- _Record extracts_
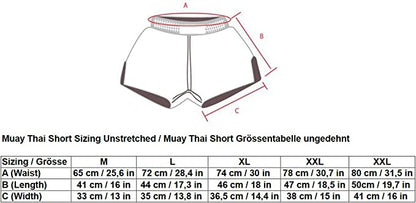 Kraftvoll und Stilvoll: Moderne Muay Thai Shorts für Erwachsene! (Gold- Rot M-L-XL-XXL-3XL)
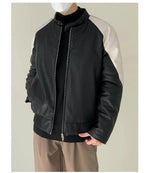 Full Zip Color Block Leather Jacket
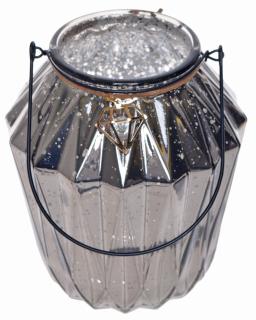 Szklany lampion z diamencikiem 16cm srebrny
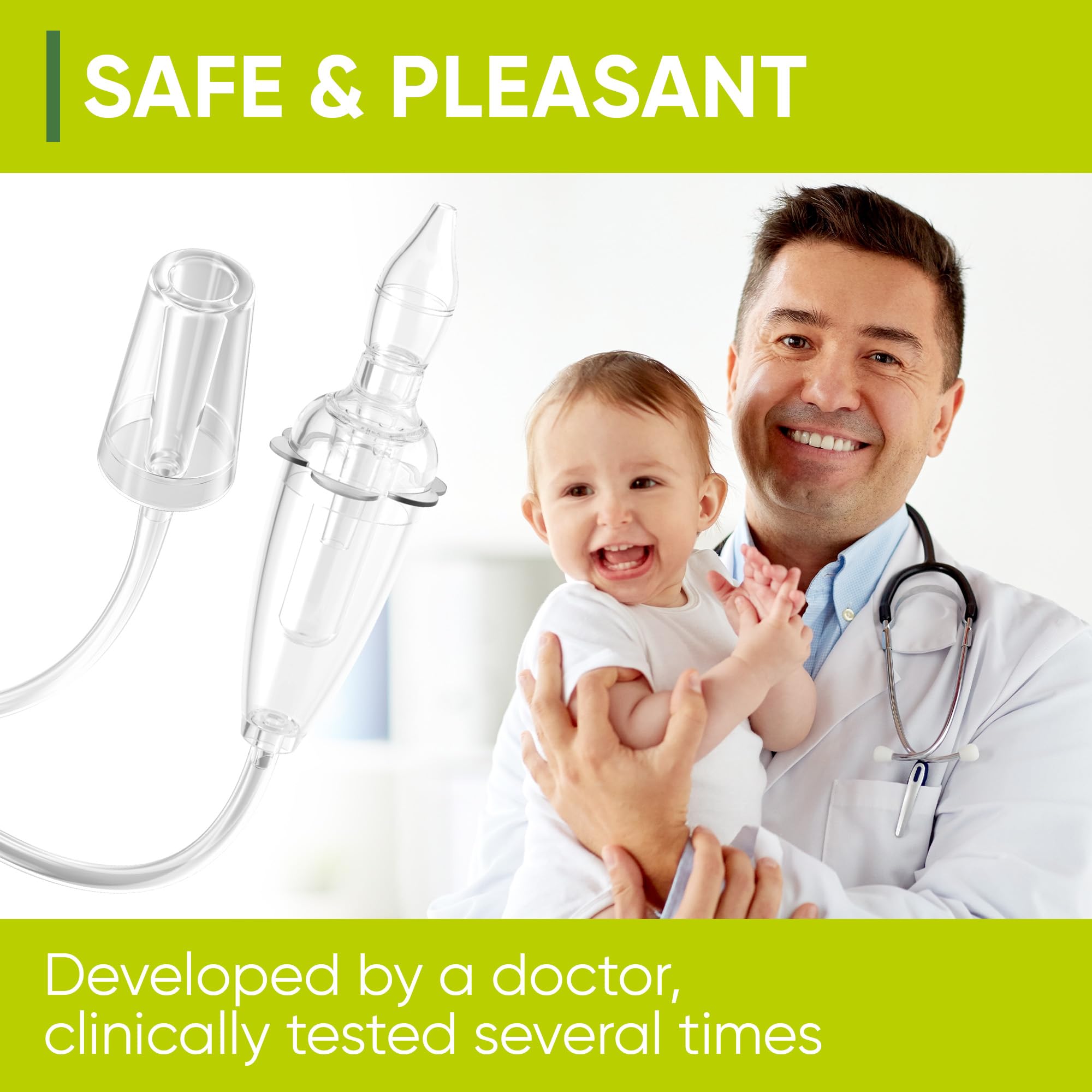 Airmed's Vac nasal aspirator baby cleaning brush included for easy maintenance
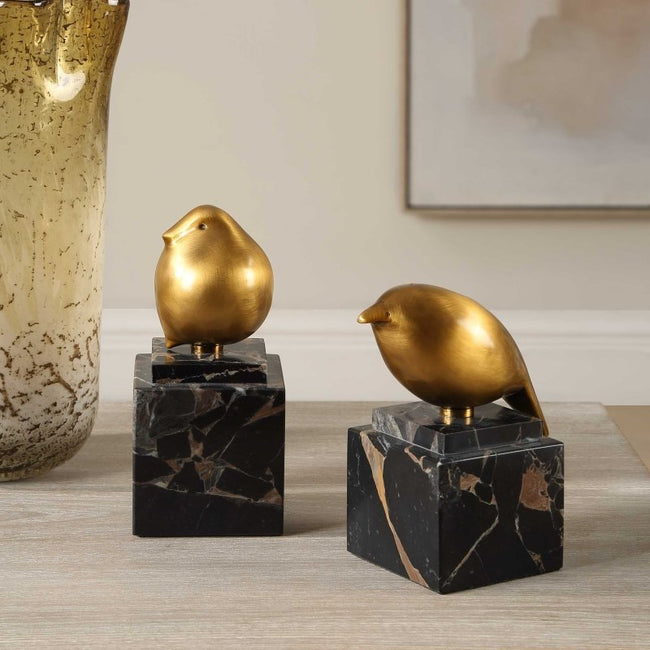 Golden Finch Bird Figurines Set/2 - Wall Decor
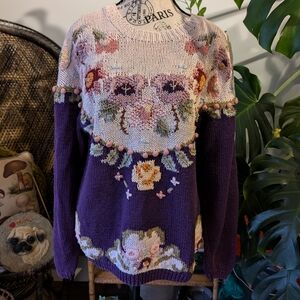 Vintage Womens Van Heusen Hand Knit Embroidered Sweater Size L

- _What you will do_
The line with "Golden Finch Bird" and each line after it, through the final line of the data, are to be duplicated exactly, with pictures left out and nothing more included.

- _Response below_
 Golden Finch Bird Figurines Set/2 - Wall Decor
 Vintage Womens Van Heusen Hand Knit Embroidered Sweater Size L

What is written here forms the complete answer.